JAKARTA - OpenAI mengumumkan serangkaian pembaruan pada ChatGPT, untuk mendukung kesehatan mental pengguna, termasuk fitur baru yang mendorong pengguna mengambil jeda dari layar saat sesi percakapan berlangsung terlalu lama.

“Mulai hari ini, Anda akan melihat pengingat lembut selama sesi panjang untuk mendorong istirahat,” tulis perusahaan dalam pengumuman di situs resminya dikutip Selasa, 5 Agustus. 

Muncul dalam bentuk pop up, pesan tersebut akan menyarankan pengguna untuk beristirahat sejenak, dengan opsi untuk melanjutkan percakapan atau mengakhiri sesi jika sudah merasa cukup terbantu. 
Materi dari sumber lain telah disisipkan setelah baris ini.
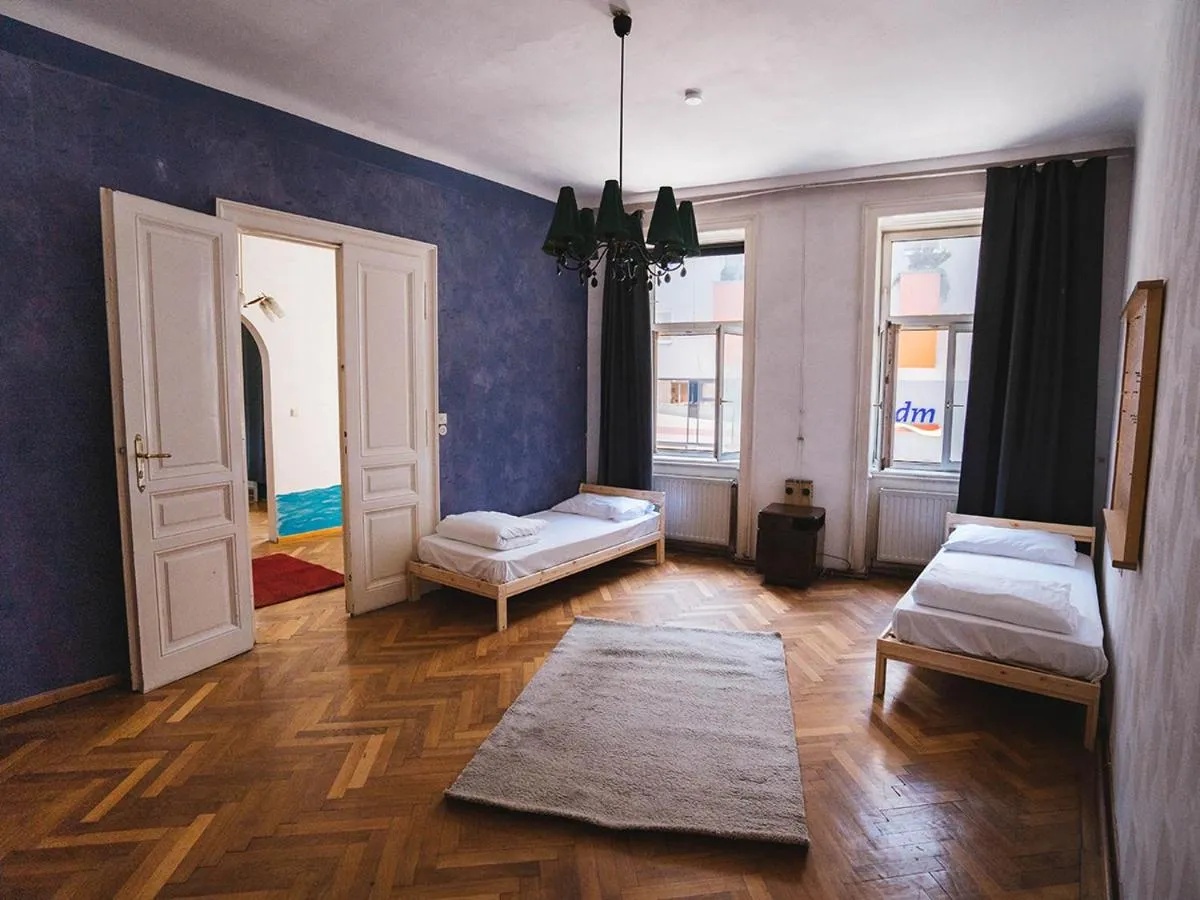 Bed in Metro Apartments Vienna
Pembaruan ini merupakan bagian dari pendekatan terbaru OpenAI untuk menjadikan ChatGPT lebih bermanfaat secara jangka panjang, terutama bagi pengguna yang mengandalkan kecerdasan buatan (AI) ini untuk kebutuhan emosional dan mental. 

Mereka menyadari adanya beberapa kasus langka di mana model GPT-4o gagal mengenali tanda-tanda ketergantungan emosional atau delusi dari pengguna. Maka dari itu, perusahaan terus menyempurnakan chatbot AI miliknya. 
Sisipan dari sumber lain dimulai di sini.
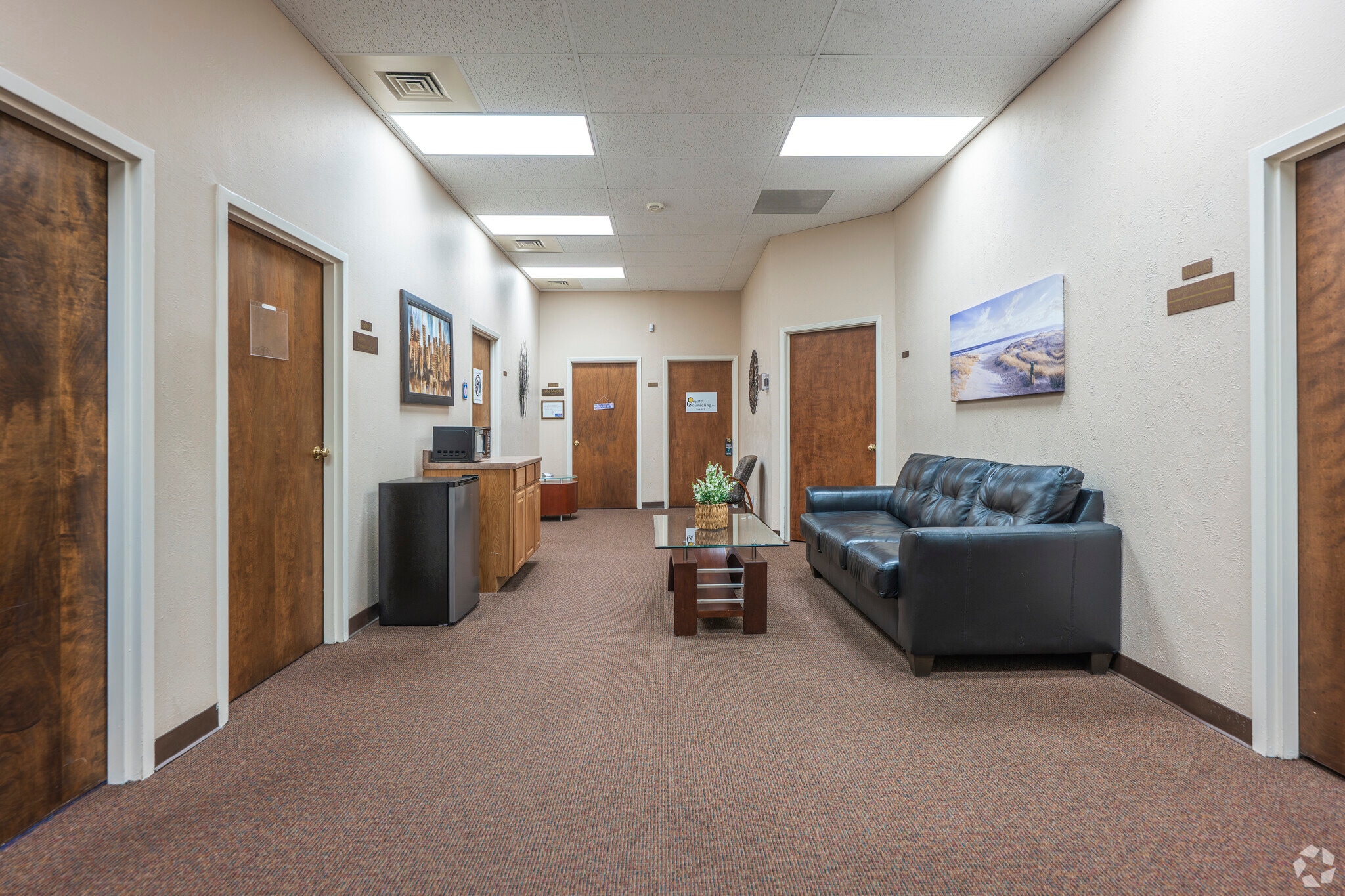2901 Juan Tabo Blvd NE, Albuquerque, NM to rent Interior Photo- Image 1 of 2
Selain itu, OpenAI juga menghadirkan satu perubahan besar tentang bagaimana ChatGPT merespons pertanyaan pribadi bernuansa emosional tinggi—misalnya keputusan untuk mengakhiri hubungan. 

Daripada memberikan jawaban langsung, ChatGPT akan membantu pengguna mengevaluasi situasi melalui pertanyaan-pertanyaan reflektif dan pertimbangan pro-kontra.

Dalam pembaruan ini, OpenAI mengaku pihaknya bekerja sama dengan lebih dari 90 dokter—psikiater, dokter anak, dan dokter umum —dari 30 negara serta peneliti interaksi manusia-komputer (HCI) untuk mengembangkan pedoman baru dalam menangani percakapan sensitif. 

Kelompok penasihat khusus juga dibentuk untuk memastikan pendekatan ini sesuai dengan standar kesehatan mental terkini. 

“Kelompok ini akan membantu memastikan pendekatan kami mencerminkan penelitian dan praktik terbaik terbaru,” tutupnya.